Print the material underneath in full, keeping every line exactly as it is.

** PROVIDED DATA follows **

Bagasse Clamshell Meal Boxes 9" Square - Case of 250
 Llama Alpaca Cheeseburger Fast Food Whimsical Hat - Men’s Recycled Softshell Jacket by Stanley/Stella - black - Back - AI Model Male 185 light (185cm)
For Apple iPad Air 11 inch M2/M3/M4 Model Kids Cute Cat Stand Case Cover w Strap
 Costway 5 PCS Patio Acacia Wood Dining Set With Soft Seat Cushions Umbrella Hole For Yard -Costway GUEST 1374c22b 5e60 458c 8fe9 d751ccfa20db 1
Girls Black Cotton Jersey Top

** End of PROVIDED DATA **

● **RESULT OF THIS EXERCISE**:
Bagasse Clamshell Meal Boxes 9" Square - Case of 250
 Llama Alpaca Cheeseburger Fast Food Whimsical Hat - Men’s Recycled Softshell Jacket by Stanley/Stella - black - Back - AI Model Male 185 light (185cm)
For Apple iPad Air 11 inch M2/M3/M4 Model Kids Cute Cat Stand Case Cover w Strap
 Costway 5 PCS Patio Acacia Wood Dining Set With Soft Seat Cushions Umbrella Hole For Yard -Costway GUEST 1374c22b 5e60 458c 8fe9 d751ccfa20db 1
Girls Black Cotton Jersey Top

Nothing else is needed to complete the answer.